As a queer, Black, female artist, Mickalene Thomas gravitated towards collage for her artist expression, which allowed her the freedom of expressing sexuality, gender, and race. Thomas’s art focuses on paintings, time-based media, and silkscreen works, all featuring Black women. Femmes Noires provides a meditation on the politics of resistance while seamlessly merging her biography with the broader contemporary concerns around the cultural representation of Black women. In this way, her aim is to “present the beauty of the Black body” through cultural references to Black women both current and from the 1970’s and '80’s that she would have recognized growing up. Mickalene Thomas puts Black women at the centre of her artistic focus, saying “to do the work that I do, I am asking of and looking to my sisters of the world.” Through her art, Thomas attends to the notion that the strong Black woman is in itself a burden that demands an unmovable stoicism from those very Black women who aim to elevate their cultural status.
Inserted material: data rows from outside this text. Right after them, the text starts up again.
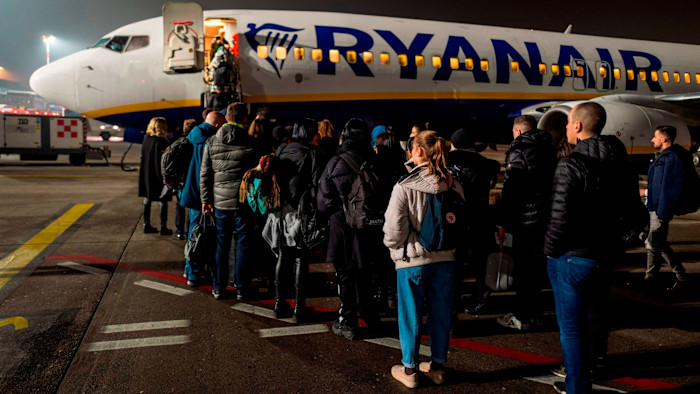 Passengers stand in line on the tarmac, waiting to board a Ryanair aircraft at night.
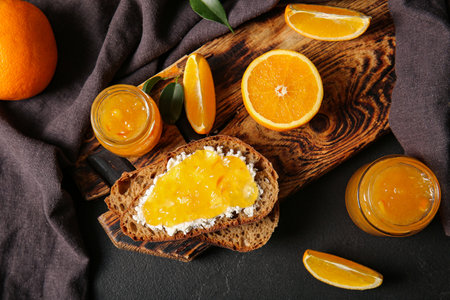 Wooden board with slices of bread and jar of sweet orange jam on black backgroundの写真素材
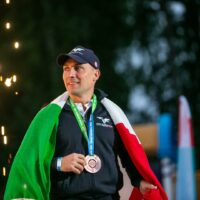 francesco italia smiling holding medal with italian flag draped over shoulders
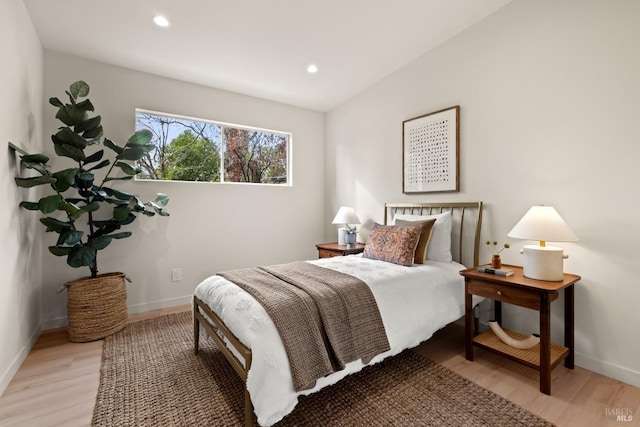 bedroom with recessed lighting, light wood-style flooring, and baseboards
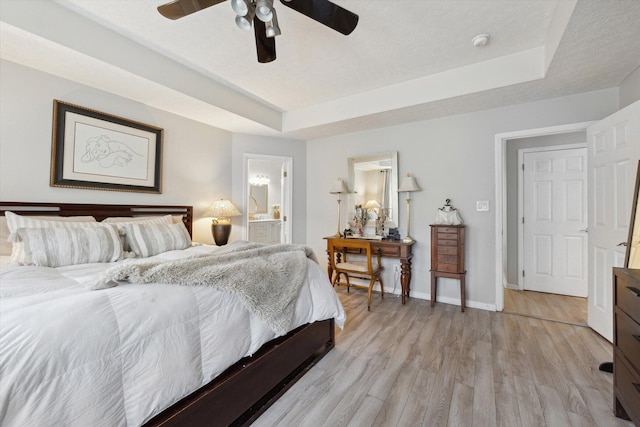 bedroom featuring baseboards, ceiling fan, light wood-style floors, a raised ceiling, and connected bathroom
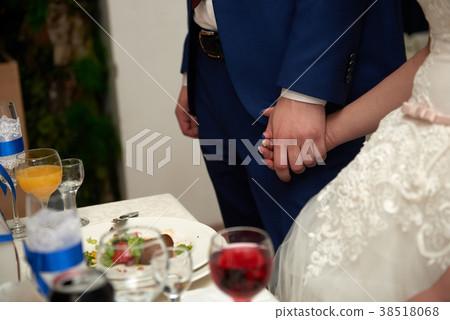 Bride and groom holding hands close up Bride and groom holding hands close up 38518068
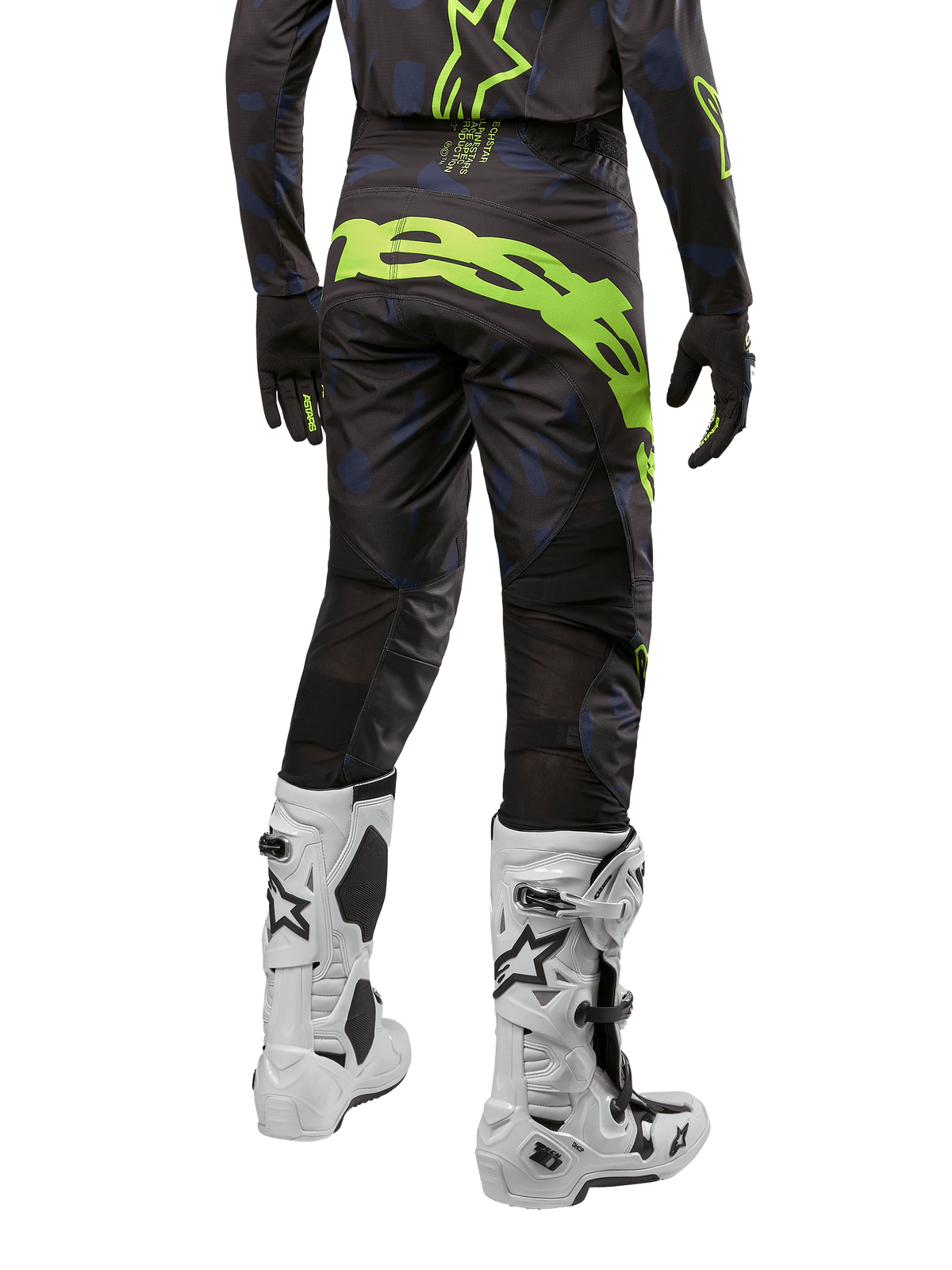Alpinestars 2024 Techstar Rantera byxor, motocrossbyxor, svarta, marinblå och neongula, vy bakifrån, med framträdande neongul logotyp och ventilationspaneler i mesh, bärs med matchande tröja och vita stövlar, slitstark utrustning för motocross och terrängkörning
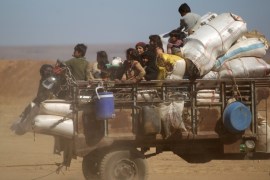 People that fled ISIL-controlled areas arrive at a rebel controlled area in northern Aleppo countryside, Syria [REUTERS]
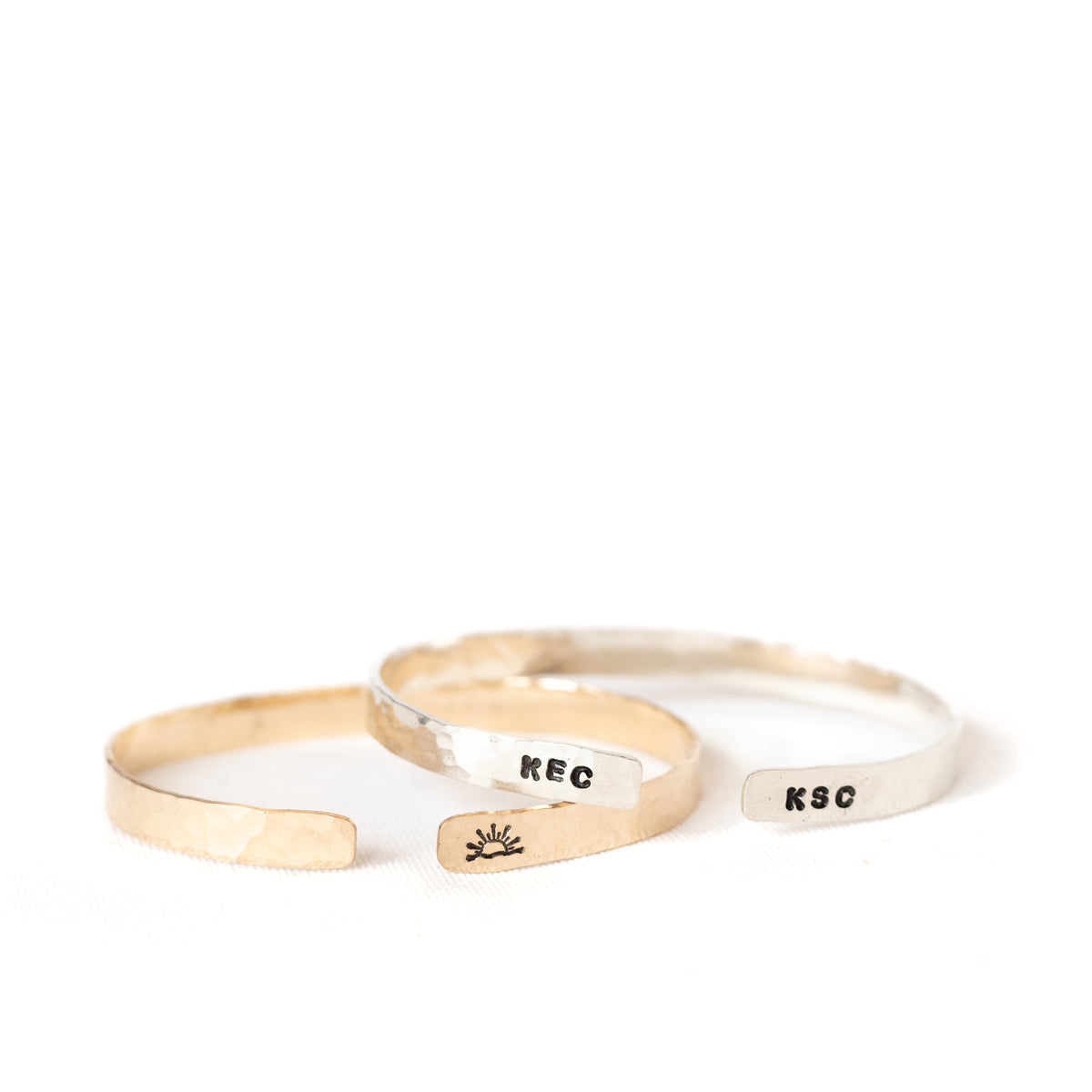 Two cuffs with symbols and initials stamped on the outside edge of them. The left one is gold with a sunset stamped and the right one is silver with initials stamped onto it.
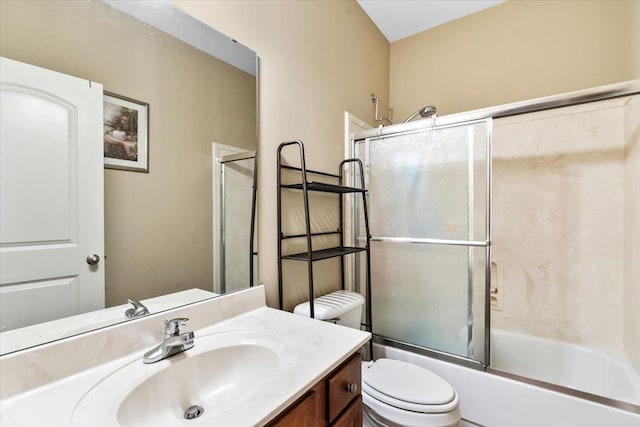 full bathroom with toilet, bath / shower combo with glass door, and vanity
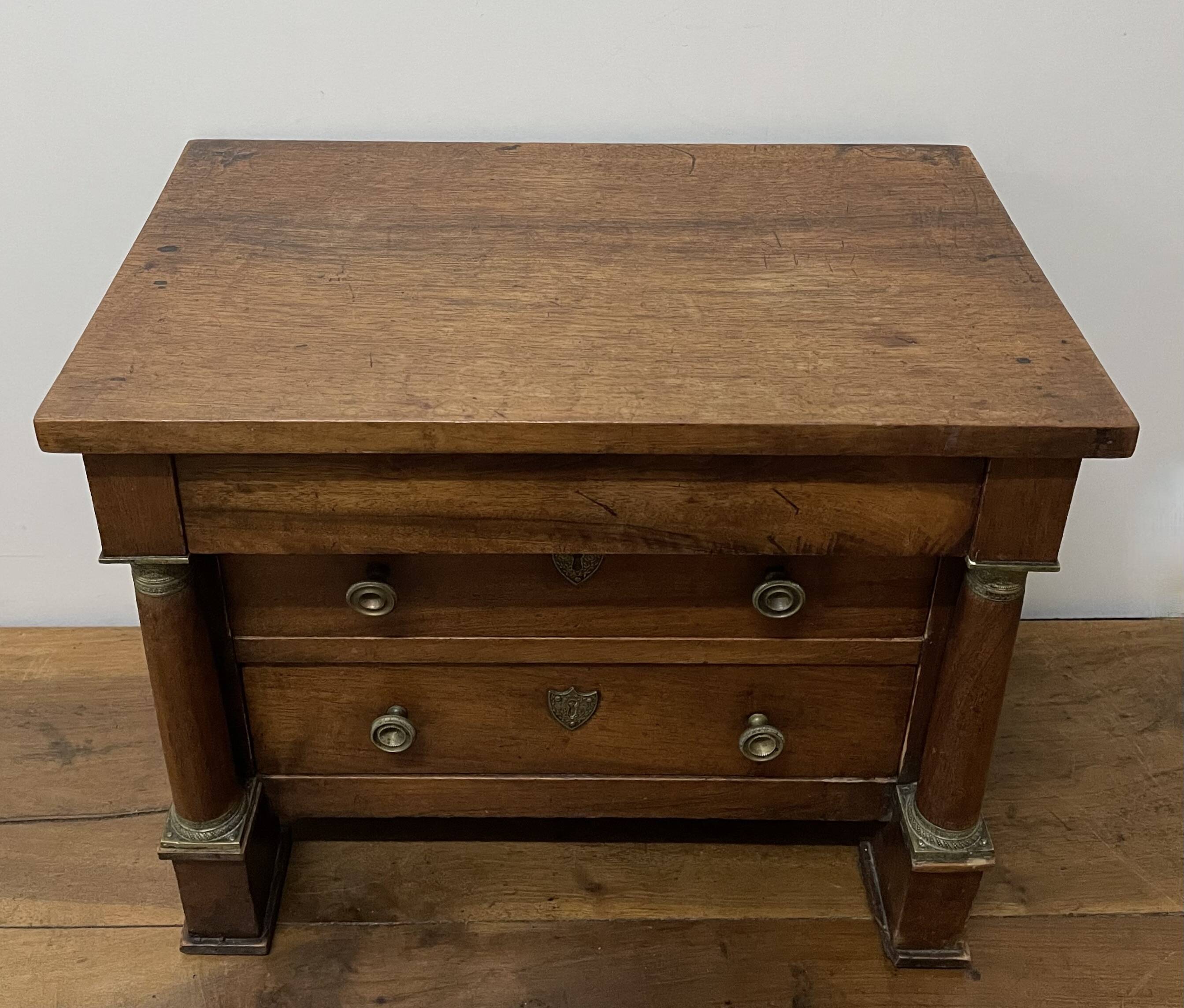 19th century Empire style walnut chest of drawers. It opens with 3 drawers in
In her portraits, Thomas works to evoke both a sense of self-assurance and vulnerability to properly represent the fragmentation of shifting identities within current cultural appropriation.

 


Rebecca Fisseha explores what it means to be a Black woman within an Ethiopian context. Her novel, Daughters of Silence, follows the story of Dessie, a young Ethiopian woman who is forced to return to Ethiopia after a volcano’s eruption forces the plane she works on to land there. Dessie must stay with her maternal grandfather, Bape, while he and his family mourn the death of Dessie’s mother, Ema. As Dessie reacquaints herself with her grandfather's house, familiar yet strangely alien to her diasporic sensibilities, she pieces together the family secrets: the trauma of dictatorship and civil war, the shame of unwed motherhood, and the abuse met with silence that gives shape to the mystery of her mother's life.

Thomas’s and Fisseha’s works explore what it means to be a Black woman within the constraints of today’s society. While Mickalene Thomas uses '70’s and '80’s art to create her interpretation of what it means to be a Black woman and the artistic space available for Black women to express themselves, Fisseha’s novel works to uncover the secrets and the cultural expectations which weigh down the character of Dessie. The different pressures which create the atmosphere under which both of these artists work in allows for the depictions of strong, confident, and powerful Black women found in the fiction of Fisseha and the artistic creations of Thomas.